Farm Credit: Farmers need trade, RFS ‘stability,’ trade aid |

Farm Credit: Farmers need trade, RFS ‘stability,’ trade aid

-The Hagstrom Report
From left: Vance Dalton, CEO of Carolina Farm Credit based in Statesville, N.C.; Byron Enix, CEO of American AgCredit in Santa Rosa, Calif.; and Jeff Swanhorst, CEO of AgriBank at Farm Credit’s briefing on Tuesday.
Photo by Jerry Hagstrom/The Hagstrom Report

Farmers need trade and ethanol policy to be stable and another round of trade aid payments to make it through next year, Farm Credit bankers said at a briefing Tuesday in Washington.

“The key thing is we need stability in all these different sectors so people can make appropriate financial decisions,” said Jeff Swanhorst, CEO of AgriBank, a wholesale lender and business-service provider to a 15-state network of local farm credit associations in a district that stretches from Ohio to Wyoming and Minnesota to Arkansas.
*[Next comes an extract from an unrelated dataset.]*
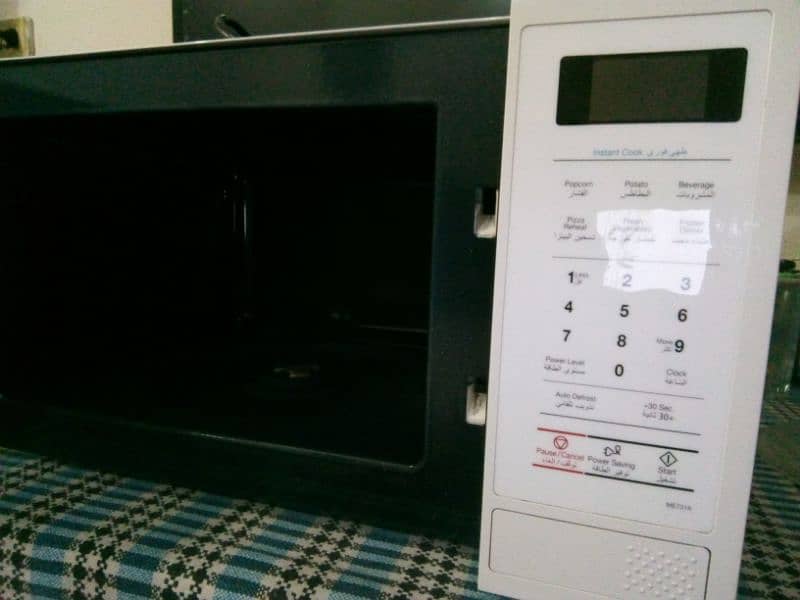 Samsung microwave oven for sale. 7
“Whenever these net farm income projections are put together, they always project in a stable environment. They are assuming that the Renewable Fuel Standard stays where it has been,” Swanhorst said.

The Environmental Protection Agency’s policy on small refinery exemptions “could be a significant negative factor if the RFS is not held up to the 15 billion gallons,” he said.

Swanhorst, Byron Enix, CEO of American AgCredit in Santa Rosa, Calif., and Vance Dalton, CEO of Carolina Farm Credit based in Statesville, N.C., all said that, with trade conflicts unresolved, another round of Market Facilitation Program payments will be needed in 2020.

Swanhorst also said he expects there will be a “lot of interest” in putting acres into the Conservation Reserve Program, which pays farmers to idle acres for environmental and wildlife benefits.

Enix said that the quality of loans is still “pretty good,” but that stress is building because farmers are “starting to move through the earnings they had in the past.”

The livestock sector also has problems because bad weather and fires make it difficult for cattle to gain weight, Enix said.

Farmers are trying to use technology to address labor shortages, but technology development “is not keeping up fast enough,” he added.

Dalton noted that 35 percent of Carolina Farm Credit’s loans go to small, part-time farmers who will pay back the loans with off-farm income. His lending area has the advantage that 60 people a day moving into Charlotte and 50 a day moving into Raleigh-Durham. “Many of these new residents move into rural areas and help revitalize them,” he said.

The customers with off farm-income help stabilize the institution’s portfolio of full-time farmers, he said. The poultry industry is “very strong,” and many young and beginning farmers want to get into it, he added.

Farm Credit Council President and CEO Todd Van Hoose noted that nonperforming loans are “nothing like the mid ’80s,” when the nonperforming rate was over 20 percent.

Farm Credit also released a series of charts on farm economics.